- _DATASET CONTENT_:

Content starts

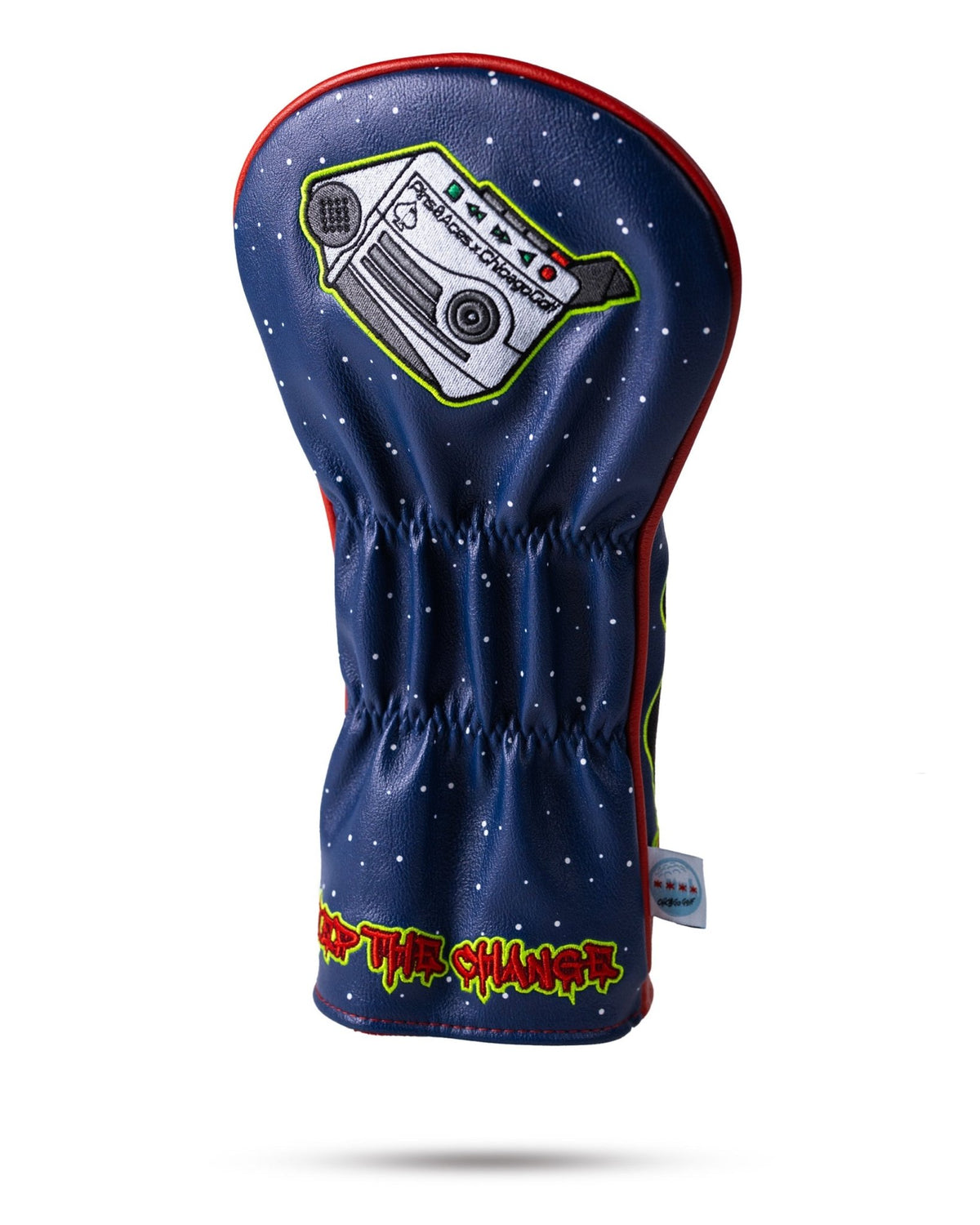 Filthy Animals Driver Cover - Get Tight Gear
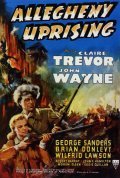 Allegheny Uprising film from William A. Seiter filmography.
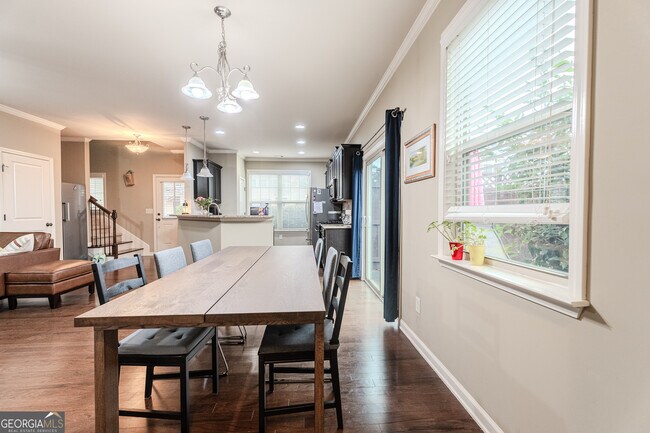 Building Photo - 801 Village Field Ct NW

Content ends

- _WHAT IS EXPECTED_: Restate every line above word for word. Do not carry over the images.

- _WRITTEN ANSWER_:
 Filthy Animals Driver Cover - Get Tight Gear
 Allegheny Uprising film from William A. Seiter filmography.
 Building Photo - 801 Village Field Ct NW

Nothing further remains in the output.